Принимая сперва без неудовольствия и даже с известным удовлетворением направляемую к нему из Вены критику на его фельдмаршала, Павел скоро стал находить, что там слишком бесцеремонно обращаются с победителем при Кассано и на Треббии и в конце июля 1799 года он, в довольно резких выражениях, пригласил Франца II образумить свой гофкригсрат. В то же время Разумовский, которого Колычев изображал занимающимся «неблаговидной интригой», получил строгий выговор, а Суворов – рескрипт, освобождавший его от обязанности повиноваться императору римскому и предписывавший ему всеми средствами противиться эгоистическим желаниям Австрии. Если для достижения своих целей путем захвата всех провинций, завоеванных в Италии, эта держава обратилась бы к силе или соглашению с Францией, фельдмаршал должен собрать свои войска и действовать от них независимо. Павел начинал также замечать, что противофранцузская коалиция была корыстна; но, хотя он не отказался принять в ней участие, потому что, помимо Мальты, он возымел в этот момент виды на Корфу, он простодушно обижался на домогательства других, которые обнаруживал в том же направлении.
Помеченный 11 августа (новый стиль) рескрипт Суворову не мог дойти до фельдмаршала на другой день после сражения при Нови, а следовательно, не мог и повлиять в тот момент на известные уже нам решения. Главнокомандующий союзных армий находился просто невозможным выполнять свои обязанности и уже после Треббии, написав царю, просил об отозвании. Павел поторопился ответить, пожаловав фельдмаршалу наследственный титул «князя Италийского», честь, которой «не получили ни Румянцев, ни Сципион», как заметило одно из переписывавшихся с Семеном Воронцовым. По приказанию царя, Кочубей обратился с горячими упреками к Кобенцелю, и Разумовский получил распоряжение просить аудиенции у императора и сказать ему, что «если это продолжится», Суворов получит распоряжение нарушить союз с австрийцами и условится с одними англичанами и неаполитанцами о продолжении кампании.
Павел оставался еще верен обязательству, принятому им на себя. В июне он объявил войну Испании, отослав уполномоченного этой державы и наложив секвестр на все испанские суды. Теперь же, в августе, по случаю учреждения политического клуба в Копенгагене, он закрыл территорию и воды своего государства всем датским подданным; он выражал свою досаду на маркграфа Баденского, дедушку великой княгини Александры, начавшего переговоры с правительством республики.
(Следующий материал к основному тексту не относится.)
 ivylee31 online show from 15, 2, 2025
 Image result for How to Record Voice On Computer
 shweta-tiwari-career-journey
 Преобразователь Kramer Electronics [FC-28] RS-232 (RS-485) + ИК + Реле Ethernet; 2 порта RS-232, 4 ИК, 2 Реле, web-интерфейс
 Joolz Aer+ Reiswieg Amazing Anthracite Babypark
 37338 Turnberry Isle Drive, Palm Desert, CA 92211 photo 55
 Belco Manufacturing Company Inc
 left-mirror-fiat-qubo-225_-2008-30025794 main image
Но в его глазах, Австрия изменяла делу всеми способами, а главным образом – стремлением округлить свои владения насчет сардинских земель, которые Россия помогла ей вырвать у французов.
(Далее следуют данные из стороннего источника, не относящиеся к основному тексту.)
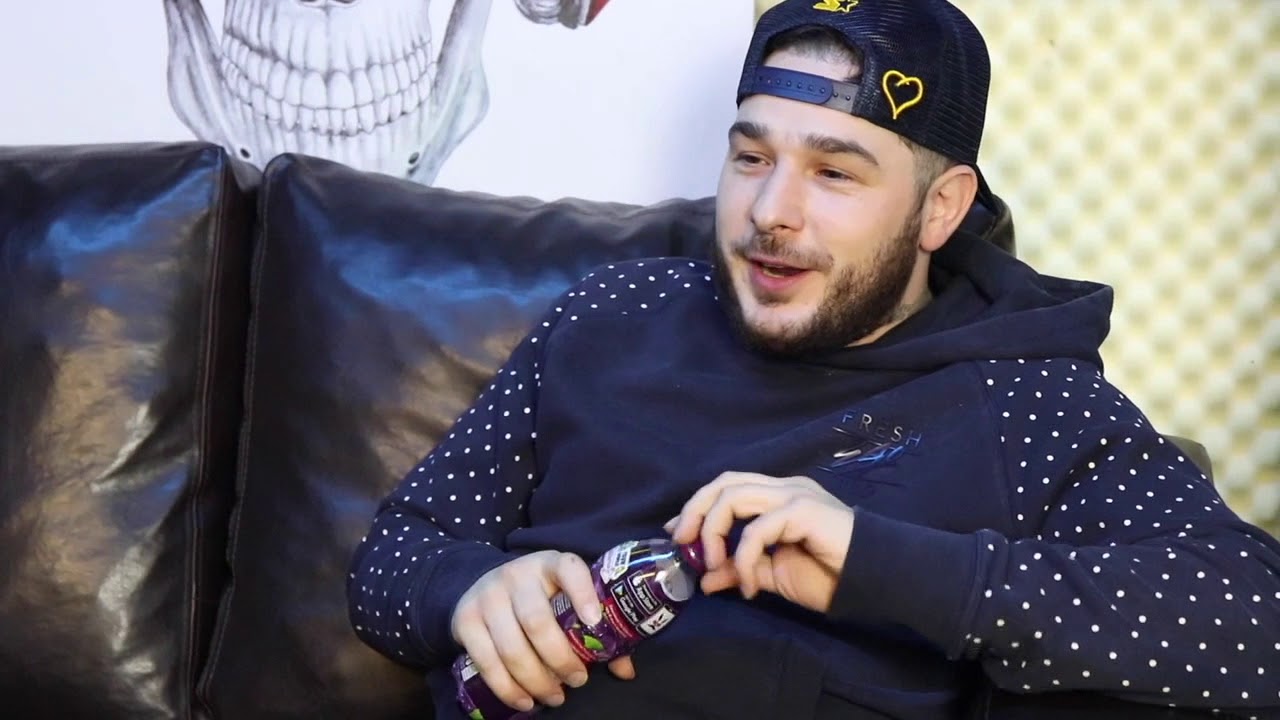 k koke interview queen e show youtube k koke interview queen e show youtube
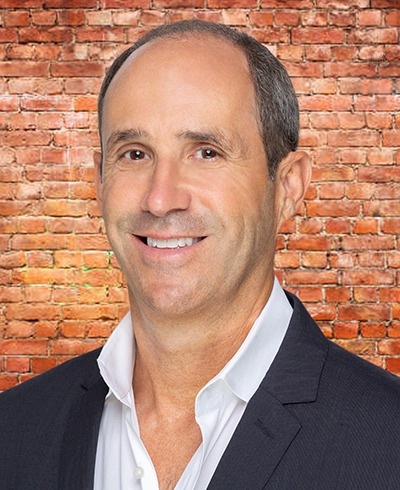 Steven M Minkoff, Private Wealth Advisor serving the San Francisco, CA area - Ameriprise Advisors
Послав агента, кавалера Бальбо, в Петербург, а другого, Франца Габета, в штаб-квартиру Суворова, Карл-Эммануил II с самого начала стал деятельно и успешно работать над поддержанием и развитием этого чувства. Он дошел до того, что выразил желание служить в русской армии! С тех пор, предписывая ему оставить Кальяри или удерживая его там, приказания и отмены приказаний не переставали испытывать терпение короля. Австрия, напоминая о выказанном ею бескорыстии во время второго раздела Польши, дававшем ей право на компенсацию в Италии, заявляла, что вовсе не намерена обобрать впутанного в дело монарха, но желает, чтобы обратили, по крайней мере, внимание на ее претензии относительно территорий, отнятых у миланцев во время войны за испанское наследство. Находясь под сильным влиянием, Павел со своей стороны нисколько не настаивал на немедленном возвращении короля сардинского и не противился временному занятию Пьемонта австрийцами, но он желал, чтобы управлялся Пьемонт от имени законного государя. Он соглашался даже на взыскание императором убытков с прежних миланских провинций, но требовал, чтобы оно было отсрочено. Нужно было прежде «вытеснить французов», как говорил Ростопчин.
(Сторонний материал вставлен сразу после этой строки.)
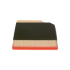 FILTR POWIETRZA BOSCH F026400026 VOLVO 2.4D 01-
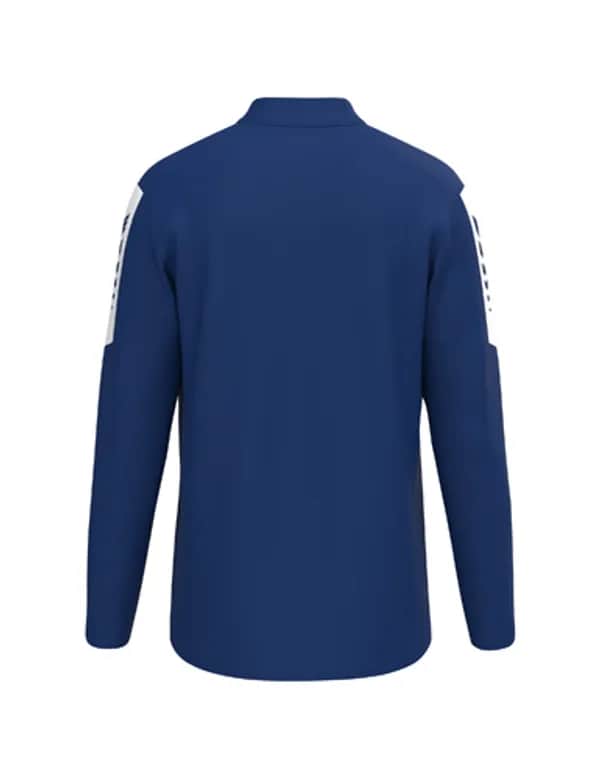 INTRO Training Top - Erwachsene - new navy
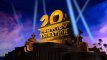 Twentieth Century Animation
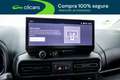 Citroen Berlingo BlueHDi S&S Talla M Plus 100 Gris - thumbnail 29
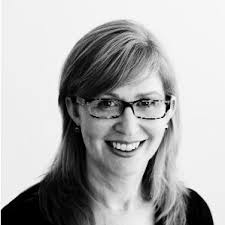 I'm happy to share that I'm starting a new position as Director at Moreton  Partners! After 35 years at BNZA/NAB I have made the huge decision to join  JP Bosquet at Moreton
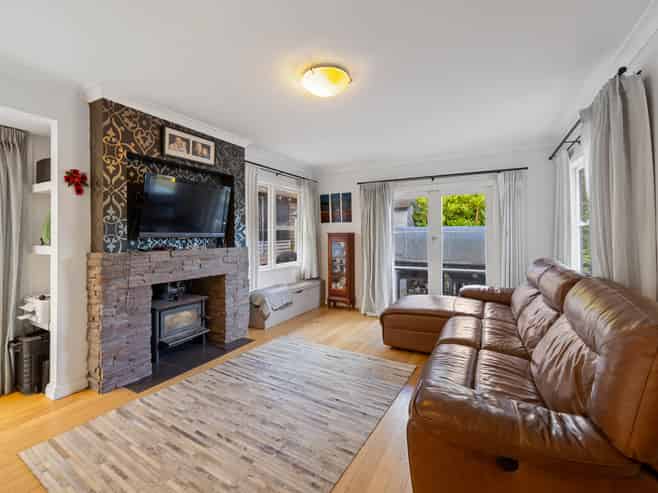 6 Kerry Dell, Cockle Bay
В сущности, встречая непредвиденные трудности в исполнении этой роли покровителя и посредника, принятой им перед итальянскими Дворами, и раздражаясь этим, царь вступал уже в период разочарований и раскаяния. Наполеон доставлял ему тоже больше хлопот, нежели он предполагал. Ростопчин называл «дураком» и «шарлатаном» маркиза де Галло, приехавшего в Петербург для поддержки герцога Серра-Каприола и говорившего о разделе Италии в пользу его государя. В конце июля, когда Суворов тоже заявил о всё более и более ясном намерении Венского двора уделить себе самую большую долю в этой стране, безо всякой заботы об общих интересах Европы, Павел вышел из себя. Если нужно продолжать воевать вместе, следует объясниться, зачем воюют, и когда Серра-Каприола, сговорившись с Галло, подал ему мысль о созыве конгресса в Петербурге, царь поспешно за нее ухватился.